#### [Problem to work on]
Write out each record below exactly as it appears, with no pictures.

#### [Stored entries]
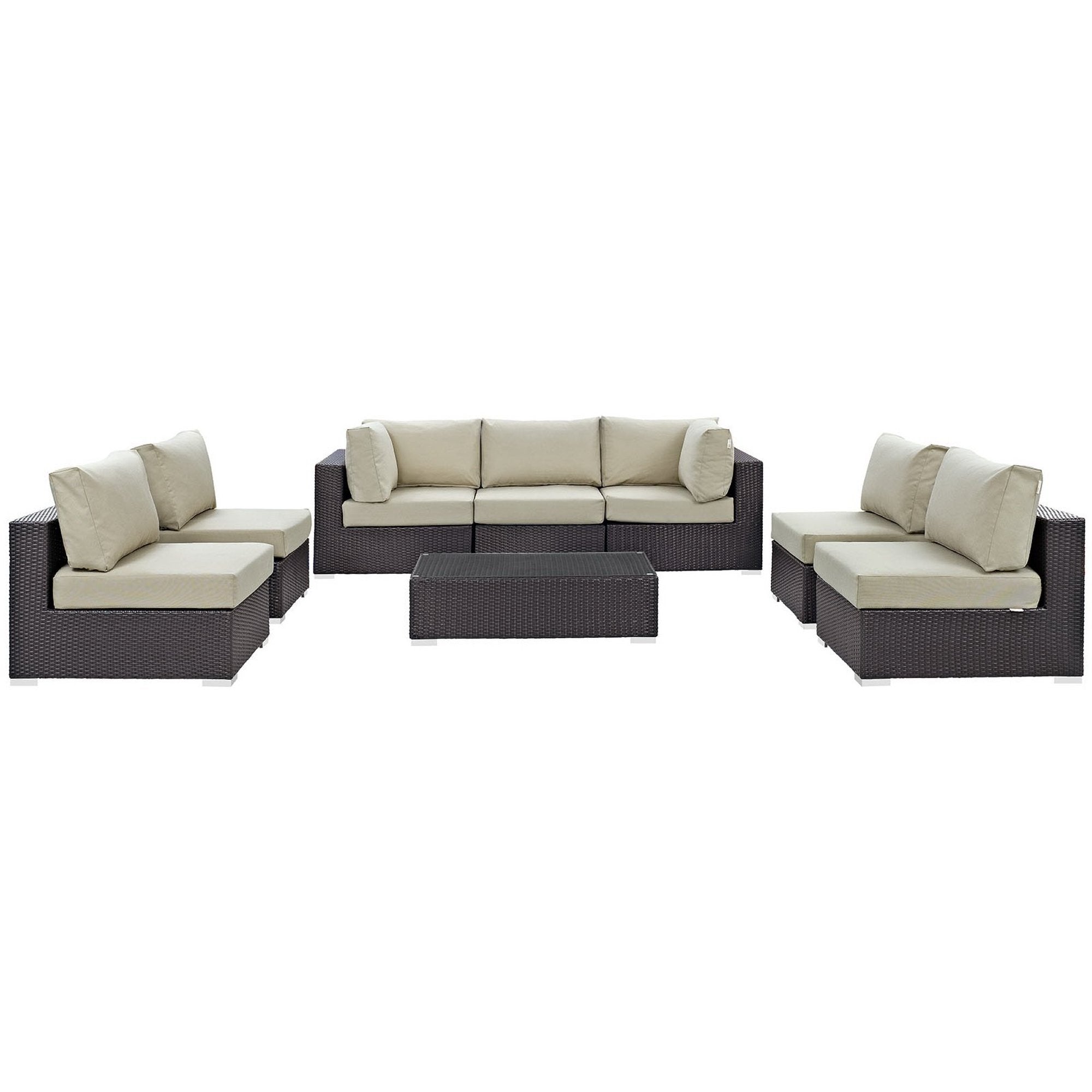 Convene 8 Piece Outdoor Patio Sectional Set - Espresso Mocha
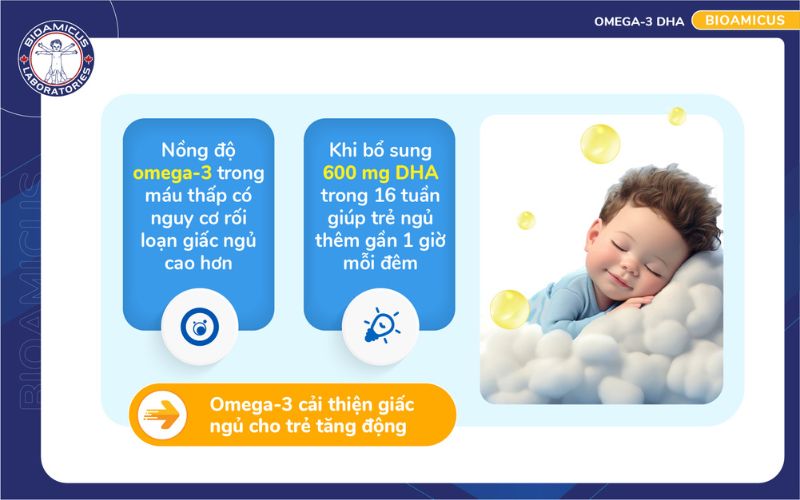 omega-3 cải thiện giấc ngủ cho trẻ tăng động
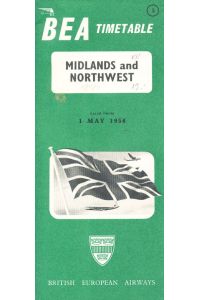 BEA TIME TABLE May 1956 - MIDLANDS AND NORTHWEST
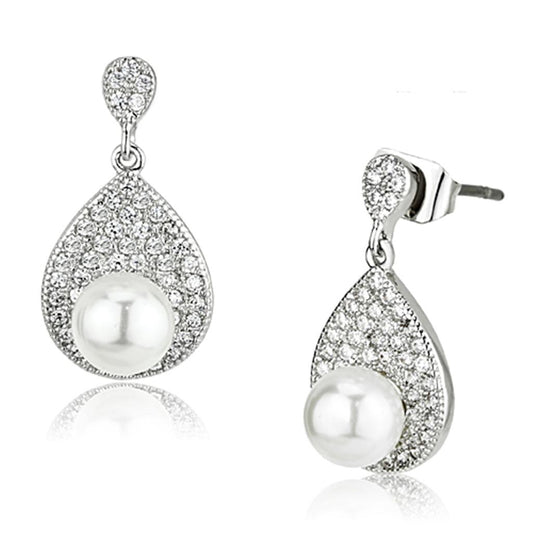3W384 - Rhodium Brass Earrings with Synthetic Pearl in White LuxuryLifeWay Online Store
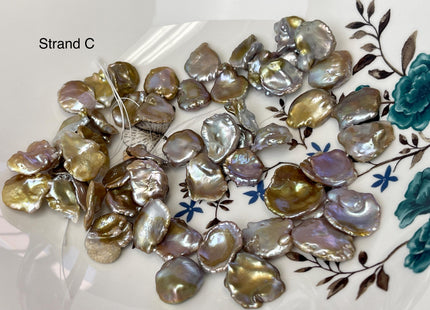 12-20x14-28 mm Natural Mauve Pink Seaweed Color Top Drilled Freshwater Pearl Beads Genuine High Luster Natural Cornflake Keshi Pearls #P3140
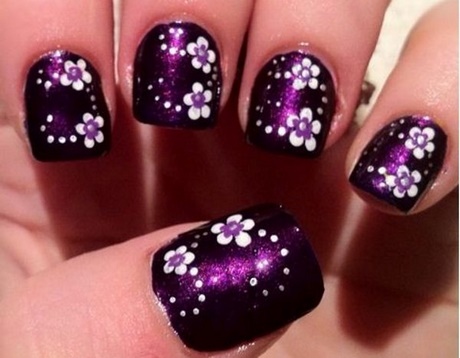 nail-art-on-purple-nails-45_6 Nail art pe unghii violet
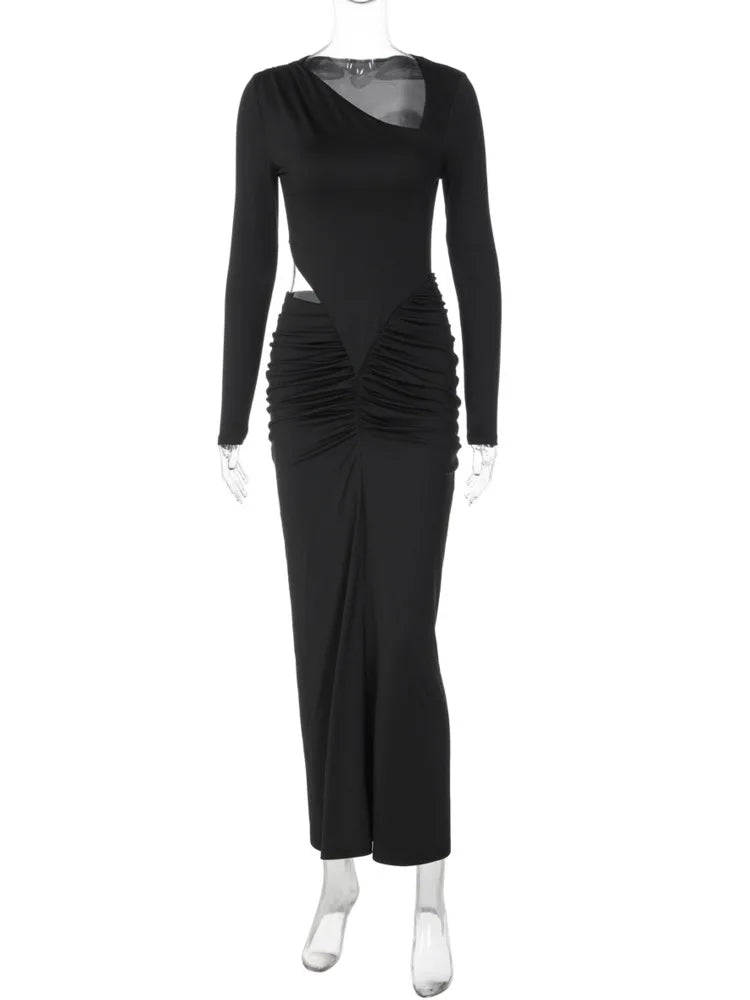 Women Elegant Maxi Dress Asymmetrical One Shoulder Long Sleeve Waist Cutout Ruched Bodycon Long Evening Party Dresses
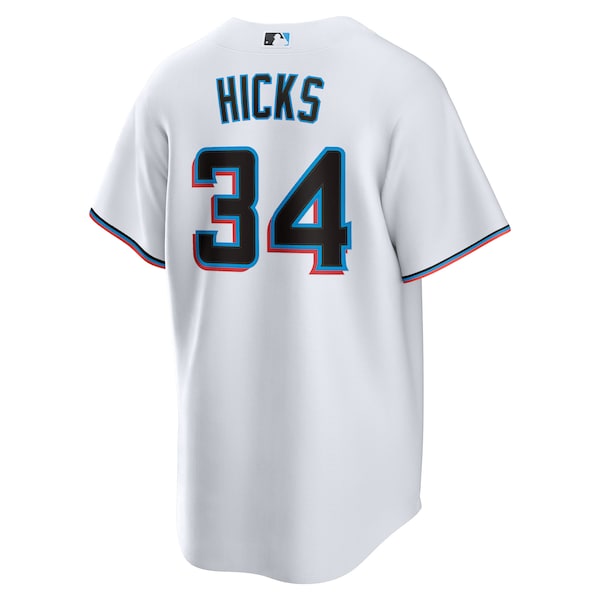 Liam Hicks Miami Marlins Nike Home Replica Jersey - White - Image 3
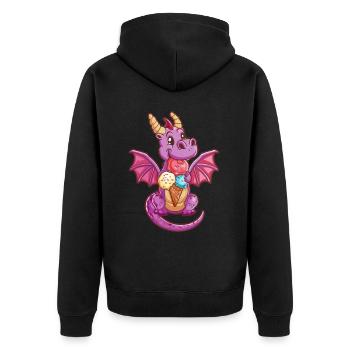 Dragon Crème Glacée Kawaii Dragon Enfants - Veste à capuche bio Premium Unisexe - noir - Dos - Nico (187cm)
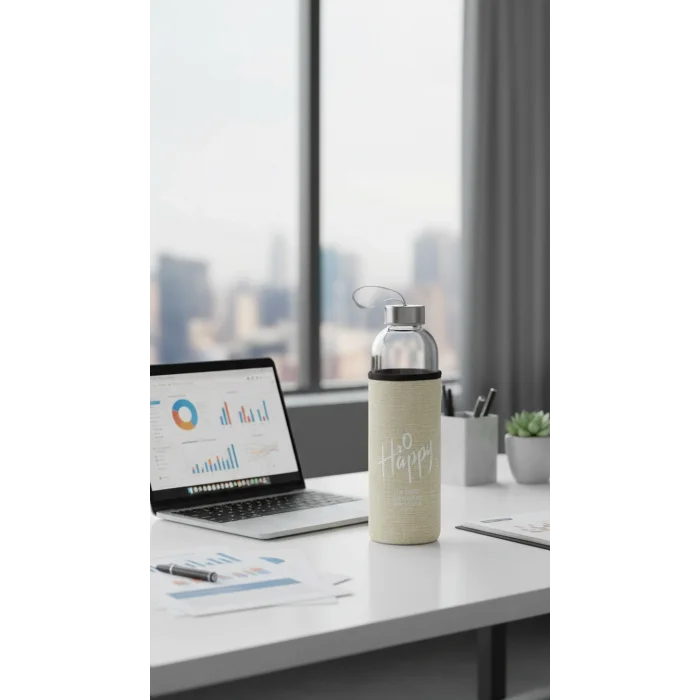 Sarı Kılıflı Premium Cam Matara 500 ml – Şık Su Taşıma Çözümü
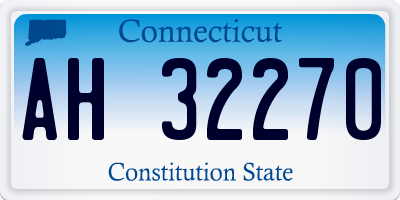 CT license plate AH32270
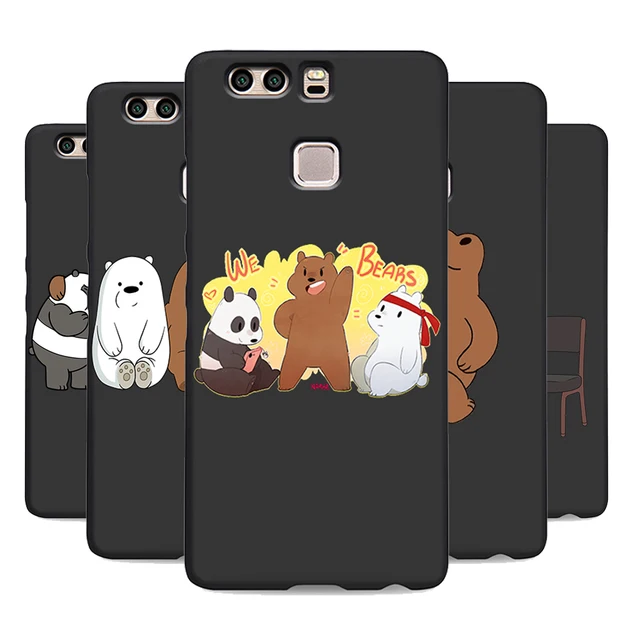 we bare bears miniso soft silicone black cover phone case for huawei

#### [Problem solution]
 Convene 8 Piece Outdoor Patio Sectional Set - Espresso Mocha
 omega-3 cải thiện giấc ngủ cho trẻ tăng động
 BEA TIME TABLE May 1956 - MIDLANDS AND NORTHWEST
3W384 - Rhodium Brass Earrings with Synthetic Pearl in White LuxuryLifeWay Online Store
 12-20x14-28 mm Natural Mauve Pink Seaweed Color Top Drilled Freshwater Pearl Beads Genuine High Luster Natural Cornflake Keshi Pearls #P3140
 nail-art-on-purple-nails-45_6 Nail art pe unghii violet
 Women Elegant Maxi Dress Asymmetrical One Shoulder Long Sleeve Waist Cutout Ruched Bodycon Long Evening Party Dresses
 Liam Hicks Miami Marlins Nike Home Replica Jersey - White - Image 3
 Dragon Crème Glacée Kawaii Dragon Enfants - Veste à capuche bio Premium Unisexe - noir - Dos - Nico (187cm)
 Sarı Kılıflı Premium Cam Matara 500 ml – Şık Su Taşıma Çözümü
 CT license plate AH32270
 we bare bears miniso soft silicone black cover phone case for huawei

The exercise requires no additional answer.